23 September 2023
Full power wind propulsion will soon be available to existing ships. A bold and surprising statement, perhaps, but one which I believe to be true. SKYTUG, which is being developed by my company, Bluewater Engineering, is a wind propulsion concept with a novel twist – the sails aren’t attached to the ship.
As you might have guessed from the name, SKYTUG is a tug – but we’re not talking about harbour operations here. This is ocean towing, on a scale designed to pull deep-sea cargo ships for tens of thousands of miles across the world’s oceans. The tug is designed to tow ships from A to B within their usual timeframe, using only the power of the wind to do so.

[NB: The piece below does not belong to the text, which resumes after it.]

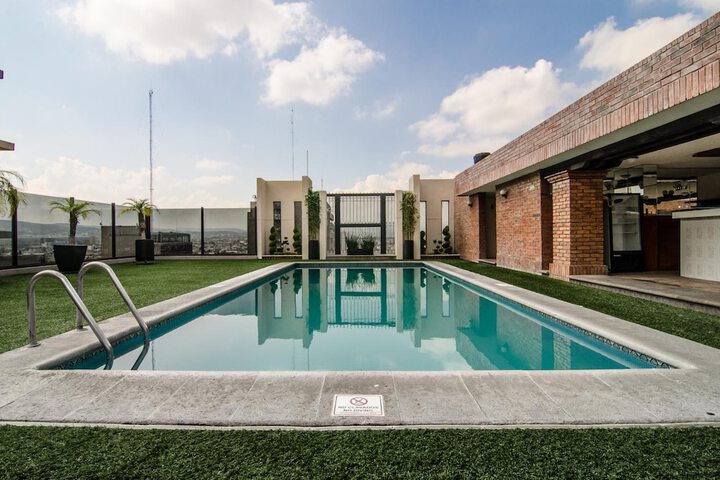 Hotel Pool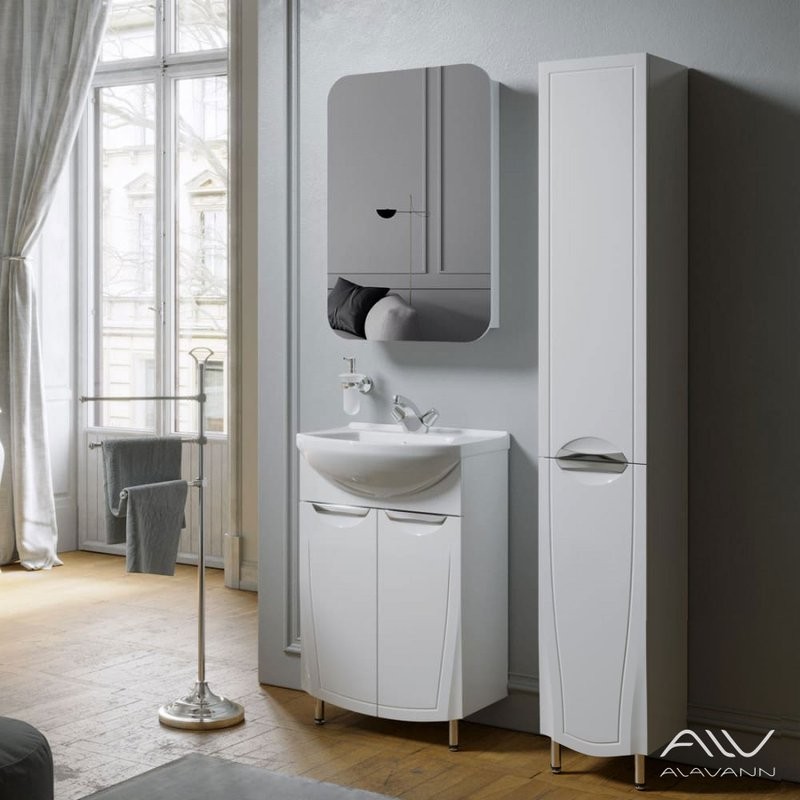 Зеркало-шкаф Alavann Monaco 55х80 с розеткой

In doing this, it will reduce carbon emissions by substituting wind propulsion for fossil fuel usage, reduce costs for alternatively-fuelled vessels by lowering their consumption of expensive fuels, and help to roll out zero carbon propulsion systems across the world fleet by filling a huge gap in the available green fuel supply with the freely accessible, and highly efficient, direct power of the wind.
The obvious question is why? Why build a whole new vessel rather than install a system aboard the ship, or even build a new ship? There are several answers to that.

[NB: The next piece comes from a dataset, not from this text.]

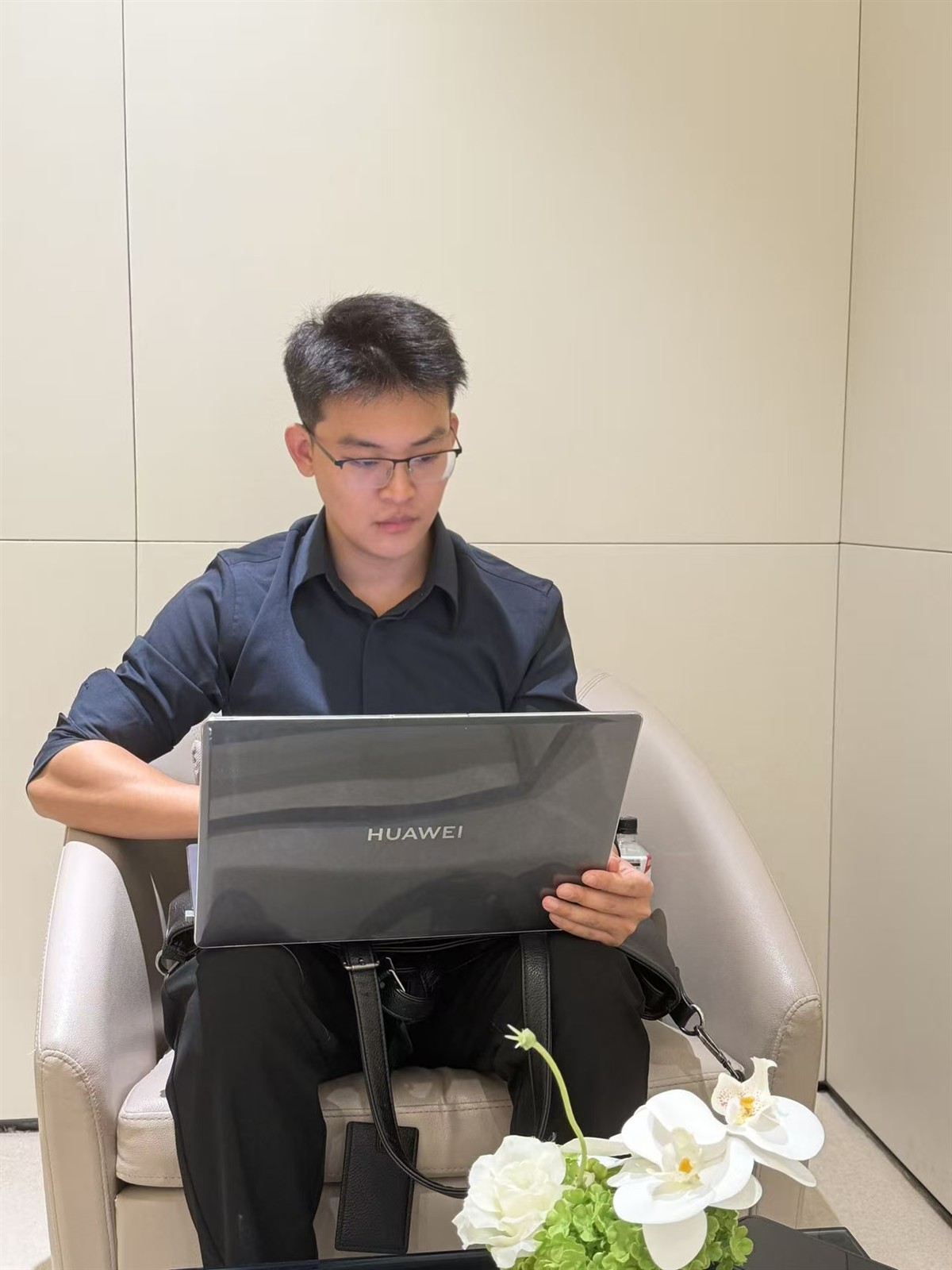 郭金辉个人照片：工作时刻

The first is space. There is limited space aboard existing ships for wind propulsion installations. Container ships have least space of all, but even aboard bulkers and tankers there is still a practical limit set by the deck length and cargo handling constraints, which prevents wind from providing anything like the majority of their propulsion. For newbuilds, of course more deck space could be added, but at the cost of higher port charges, restricted access to canals and harbours, and a drastic change in the shape and dynamics of the ship, since increasing length without offsetting the
benefits with increased water resistance, means reducing draft.
The second, closely related answer is power. If one accepts that the available space aboard ship is what it is, then to achieve full power wind propulsion, space needs to be found elsewhere – that’s where SKYTUG comes in. There is quite literally an ocean of space available away from the ship, in which to place a wind-propelled tug which can provide ample power to tow the ship at full speed. Of course, there are some common-sense constraints on that too – it clearly isn’t sensible to build an additional vessel as big or bigger than the ship in order to tow it across the ocean, so SKYTUG relies on kites as a highly compact, power-dense wind propulsion solution, which can expand to vast size in flight, yet pack away tightly aboard the tug when not in use. Of course, kites can be used on ships too, but a sufficiently large kite array to provide full wind propulsion would still require increased length or the sacrifice of cargo space.

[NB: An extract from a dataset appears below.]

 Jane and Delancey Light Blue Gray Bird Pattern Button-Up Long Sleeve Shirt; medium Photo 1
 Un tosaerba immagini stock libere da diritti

The third answer is the one which should get shipowners and their charterers really excited. As an entirely separate vessel, SKYTUG can provide wind propulsion as a service, providing towing for a fee, so there is no CAPEX outlay, no risk of stranded assets, and no under-utilisation arising from the ship’s inevitable time spent in sheltered waters or in port, loading and unloading. To cap it all, there is no need for modifications aboard the ship. That means no expense or downtime for intrusive work, no maintenance burden, and no additional structures getting in the way of cargo operations. And neither is there a training burden for the ship operator, since the tug will have its own specialist crew. An additional financial benefit is flexibility – the tug can be deployed to different ships as required, to deliver fuel savings and CII compliance, while operating continuously on the most favourable routes, thus maximising its impact across fleets rather than being fixed to a particular ship indefinitely.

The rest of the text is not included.